Lucas Merayo, who was in the fifth car of the Madrid-bound Iryo train, told the BBC that about an hour into the journey, it became very bumpy. Passengers became scared and the carriage went silent, he said, “and then we heard a crash” and the train stopped.

Luggage fell and the lights went out. Then they started to hear noises of pain and screams from the three carriages behind them that had derailed, he said.
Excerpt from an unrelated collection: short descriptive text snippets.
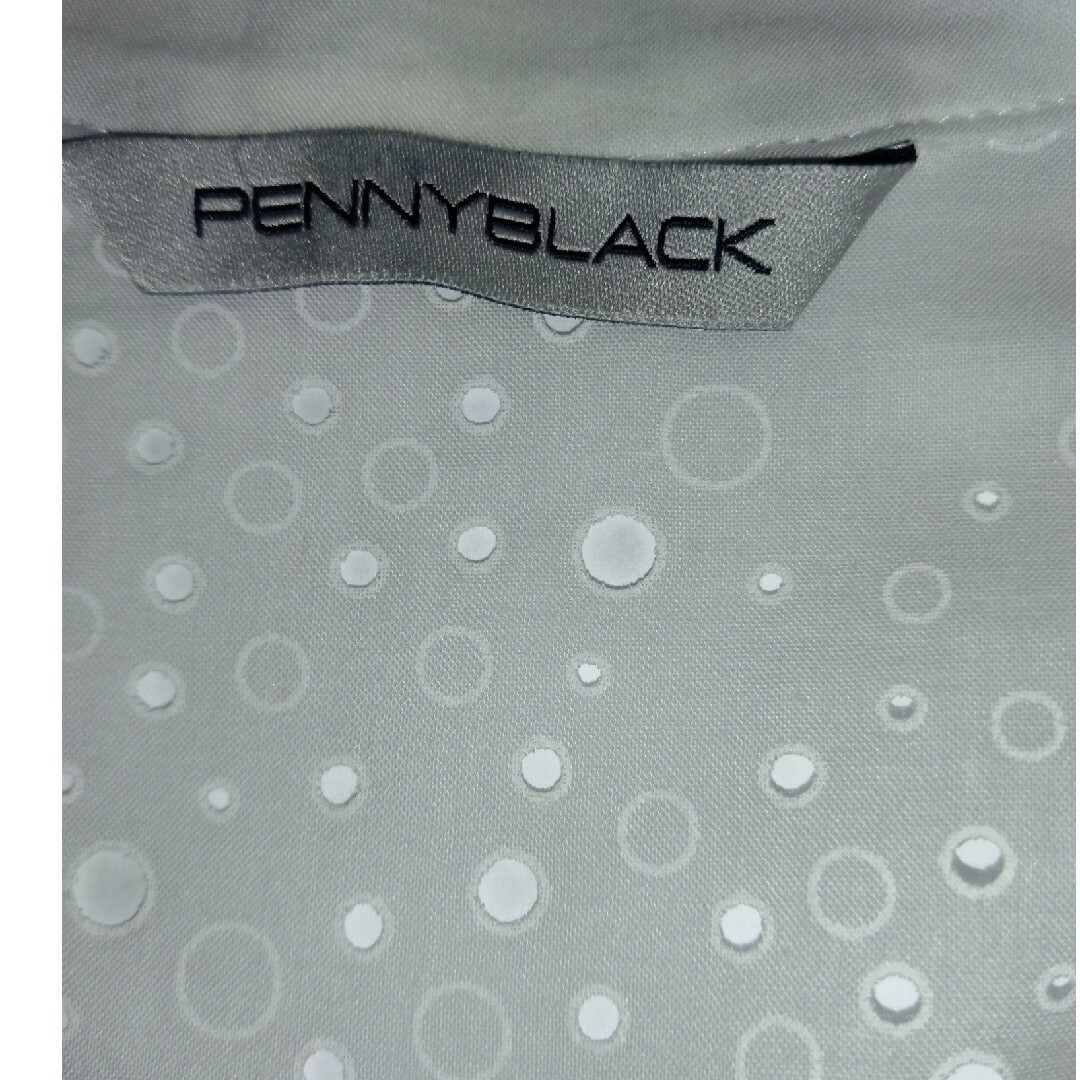 PENNY BLACK(ペニーブラック)のPENNY BLACKペニー・ブラック　カットワークトップス レディースのトップス(シャツ/ブラウス(半袖/袖なし))の商品写真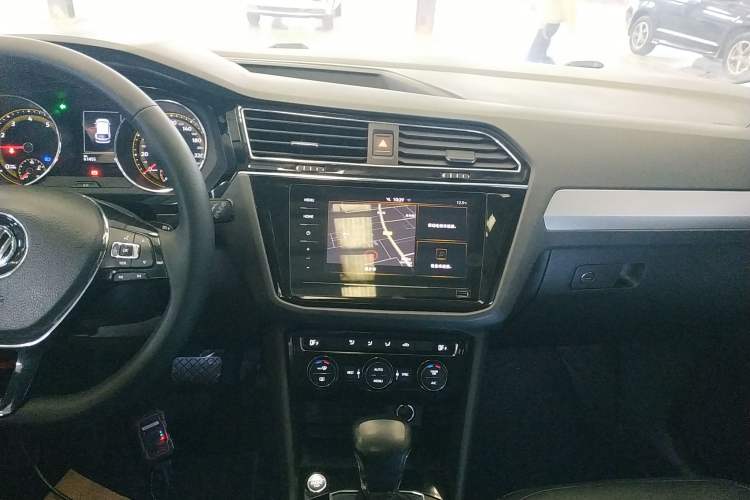 Used Volkswagen Tiguan L 2020 330TSI Automatic Two-Wheel Drive Panoramic Comfort Edition China VI Standard Audio And AC Panel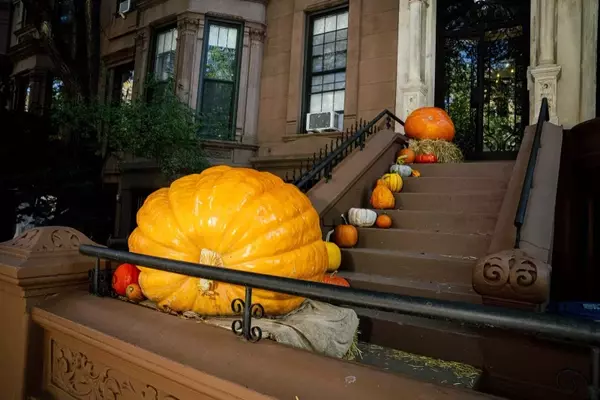 New York City Stoop Decorating: The Art of Halloween Transformation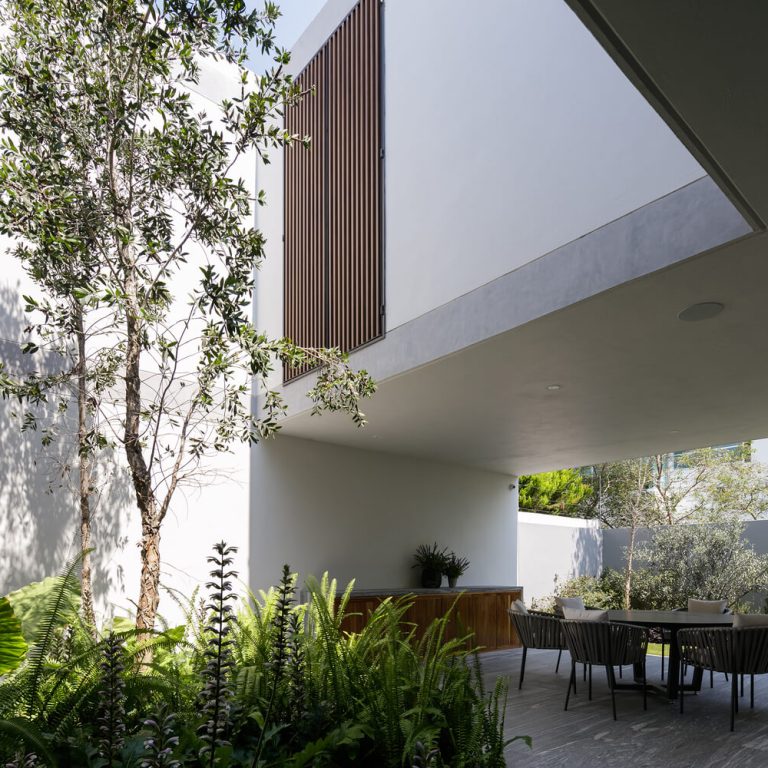 Casa G Zapopan: Diseño Interior y Luz Natural en Residencia de 340 m² por TACHER ARQUITECTOS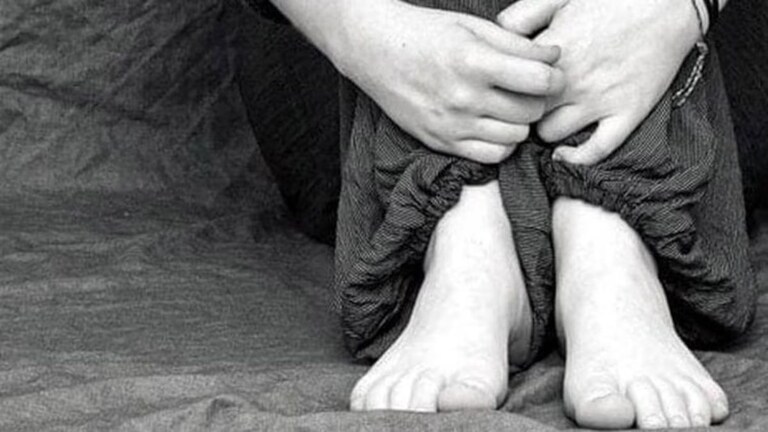 मुंबईच्या महिला 'डान्सर'वर बलात्कार! डान्स प्रॅक्टिसच्या नावाखाली खोलीत नेलं अन् दारू पाजून... पॉश एरिआत घडली घटना मुंबईच्या महिला 'डान्सर'वर बलात्कार!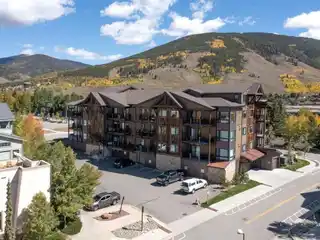 Warm and Inviting Home with Sweeping Mountain Views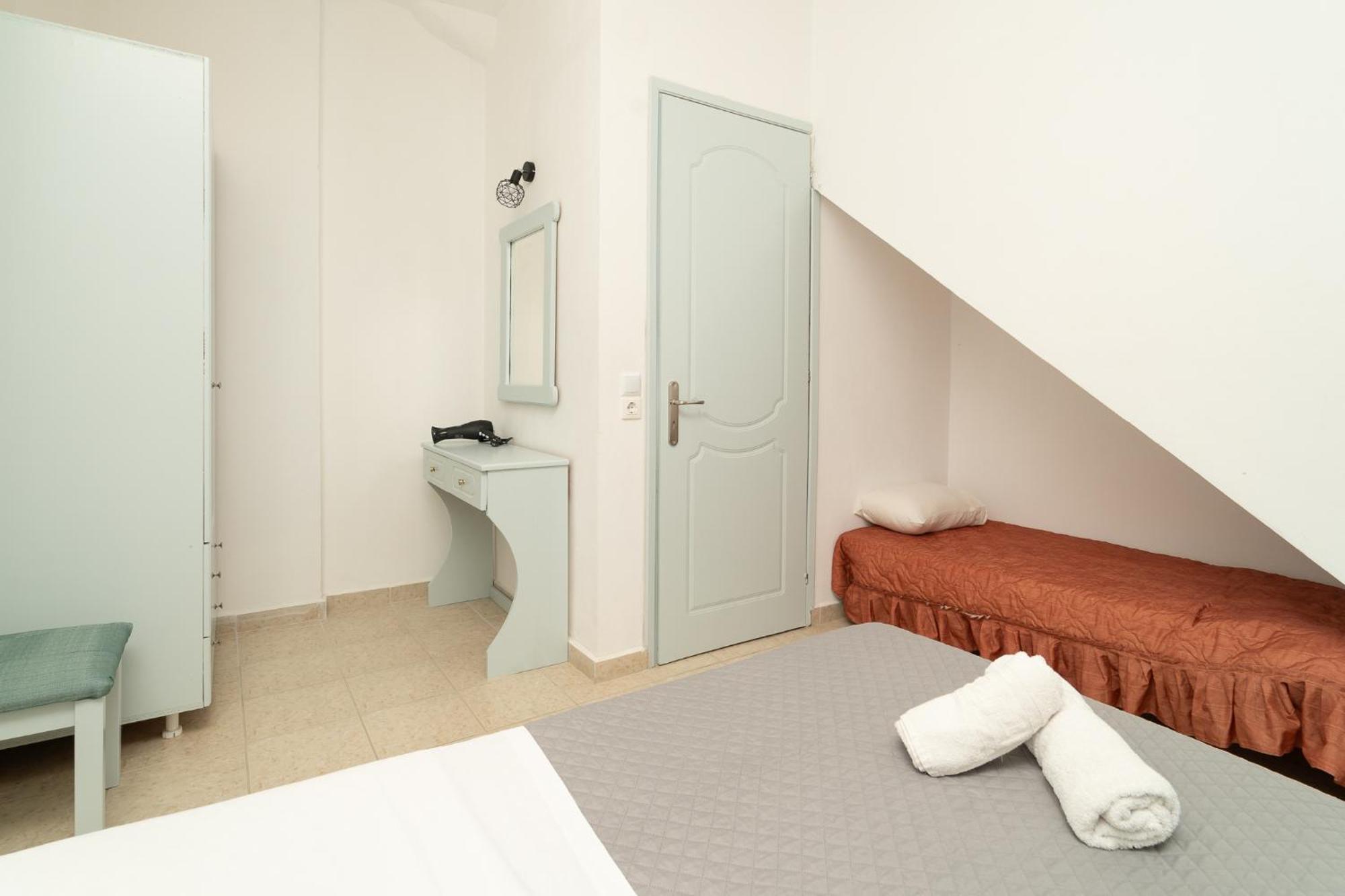Blue Houses Maisonettes Kamaria  ภายนอก รูปภาพ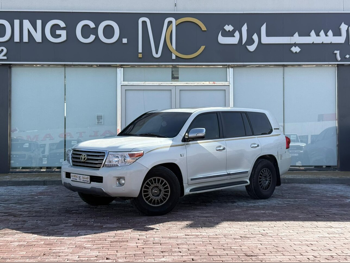 Toyota  Land Cruiser  VXR  2012  Automatic  379,000 Km  8 Cylinder  Four Wheel Drive (4WD)  SUV  White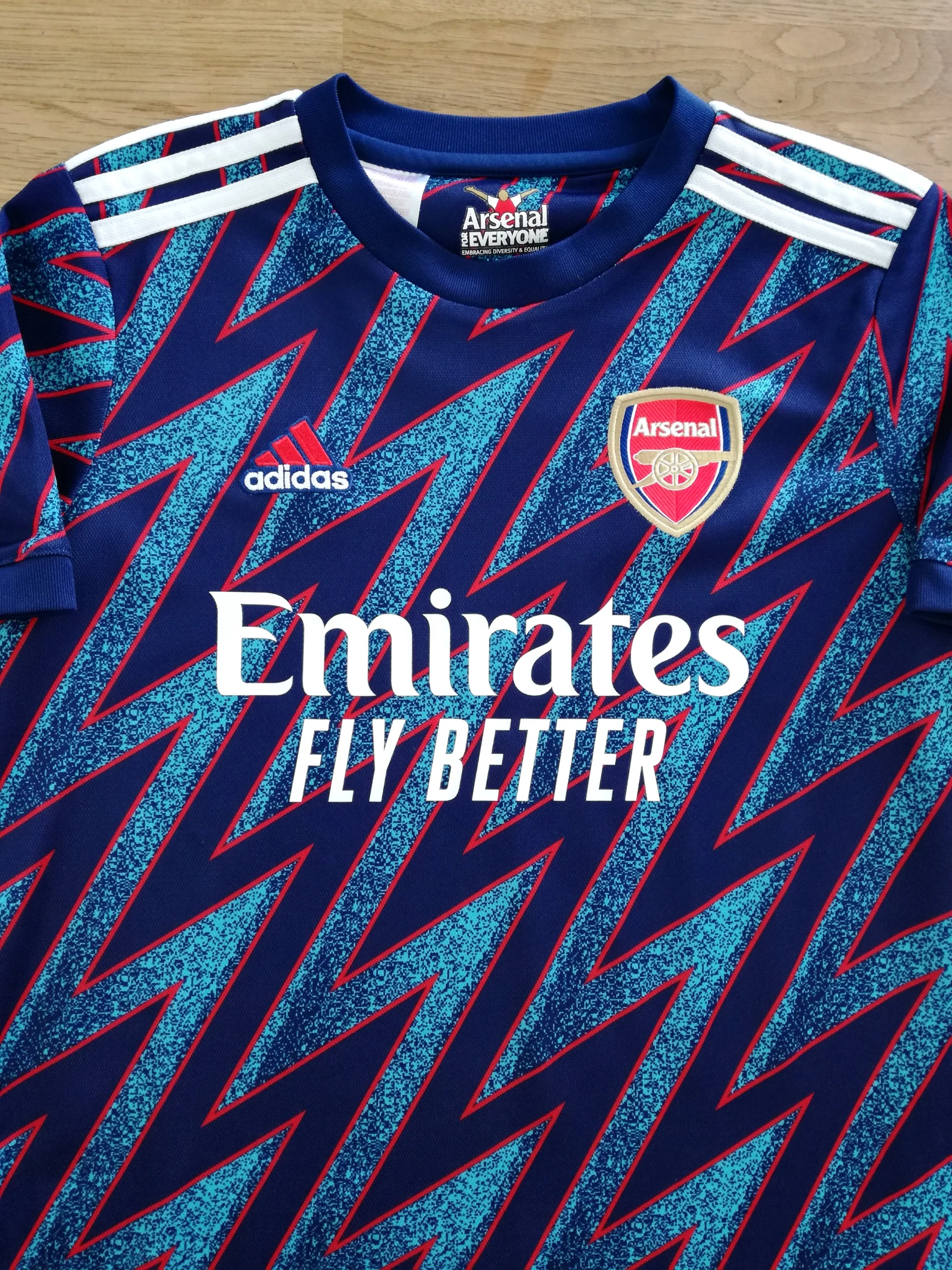 Arsenal 2021-22 Third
He and his girlfriend were uninjured, but people were in shock and crying, some experiencing panic attacks. A nurse beside him responded to a call for medical volunteers, and when she came back from the sixth carriage she told him someone had died.

Surviving passengers from the derailed carriages broke glass and went on the tracks to escape. Passengers helped one another get down, and he saw seriously injured people, with bleeding heads and improvised bandages.

The first on the scene were people from Adamuz, some in their pyjamas, who offered to transport the injured, Lucas Merayo said.

After two hours, they were evacuated by bus and Lucas eventually made it back home to Madrid on Monday morning, when he hugged his eight-year-old son and began to cry.

“It’s really, really shocking and overwhelming to be alive when everyone else is not,” said the actor and influencer, who is from Argentina.

He said the experience of the crash is “going to be with me all the time”.

As it was dark, he had not realised the oncoming train had fallen into an embankment until he saw it on the news.